16/03/2015
Nicolas de Staël, Lettres 1926-1955
À Roger Van Gindertael
Paris, 14 avril 1950
Départ — pas un départ, tout au plus un faux recul... Il se peut que le départ soit une certaine inquiétude de l’esprit avec bien sûr un besoin immédiat de l’assouvir.
La conscience du possible, l’inconscience de l’impossible et le rythme libre.
Respirer, respirer, ne jamais penser au définitif sans l’éphémère.
Sans néant graphique pas de vision directe.
De la couleur sans couleur aux aguets...
Comme cela, vertical sur le crâne.
Alors, voilà du bleu, voilà du rouge, de vert à mille miettes broyés différemment et tout cela gagne le large, muet, bien muet.
Un œil, éperon.
On ne peint jamais ce qu’on voit ou croit voir, on peint à mille vibrations le coup reçu, à recevoir, semblable, différent.
Un geste, un poids.
Tout cela à combustion lente.
Palette — c’est le timbre, le son, la voix.
Le saut de la plate-forme, impossible à repérer, ça va trop vite, c’est peut-être pour cela précisément que c’est si lent.
Niaiserie, une des sources les plus profondes à discrétion.
Le large est à tout le monde, seulement chacun a des narines différentes pour en percevoir ce qu’il peut.
Aller jusqu’au bout de soi... tour de passe-passe, acrobate et compagnie, la mort.

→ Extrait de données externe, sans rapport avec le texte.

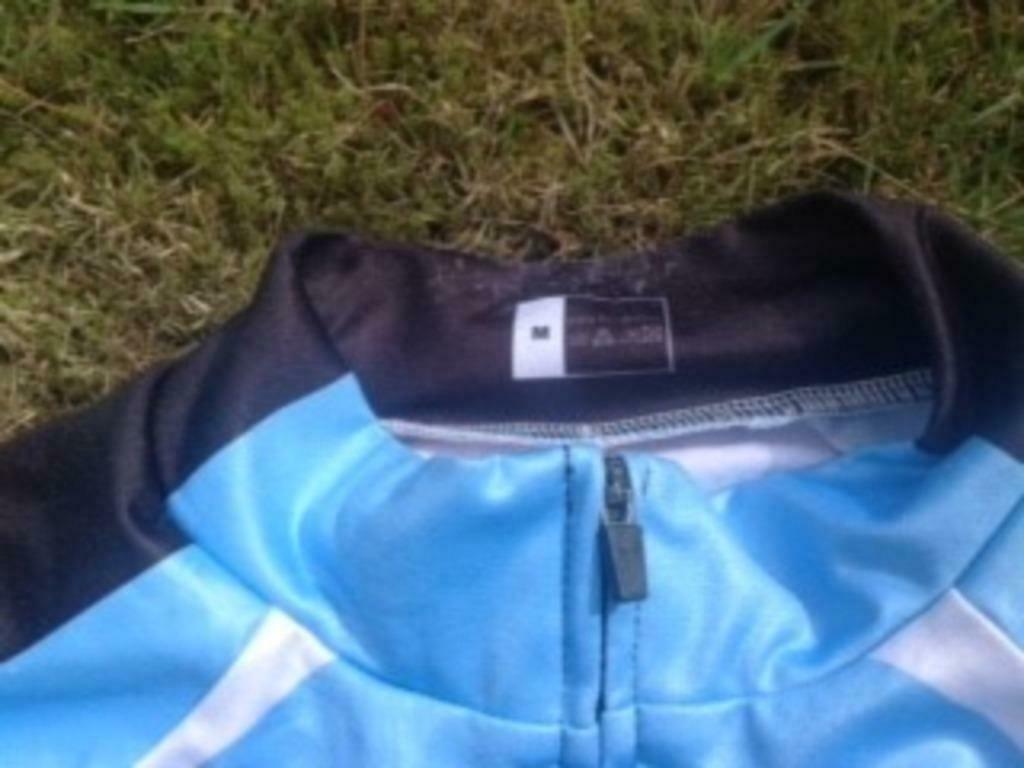 setje fietskledij - Nalini fietskleren lange broek en vest, Enlèvement ou Envoi, Porté, Taille 46 (S) ou plus petite, Course à pied ou Cyclisme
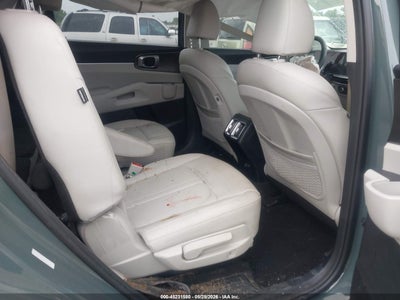 KIA SORENTO HYBRID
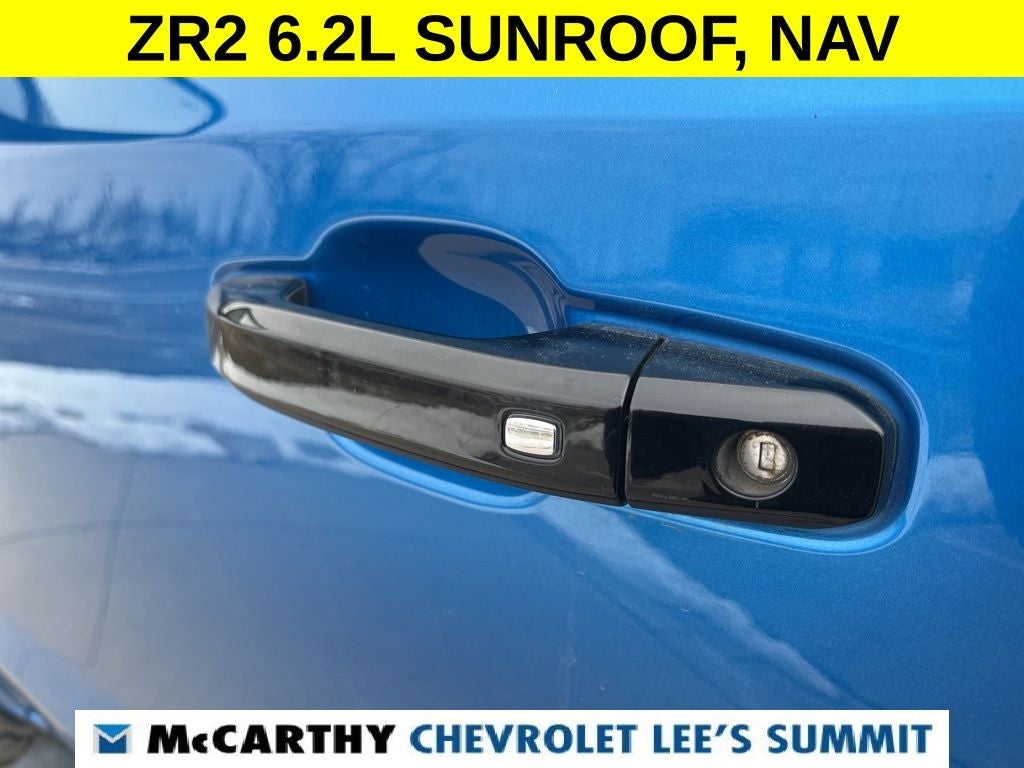 2023 Chevrolet Silverado 1500 ZR2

N’évaluer jamais l’espace trop rapidement. Il y a des petites pommes de pin toutes ratatinées dont l’odeur nous donne une telle impression d’immensité que l’on se promène à Fontainebleau en étouffant dans cette forêt comme dans une mansarde à nains.
[...]
Nicolas de Staël, Lettres 1926-1955, édition présentée et commentée par Germain Viatte, Le bruit du temps, 2014, p. 195.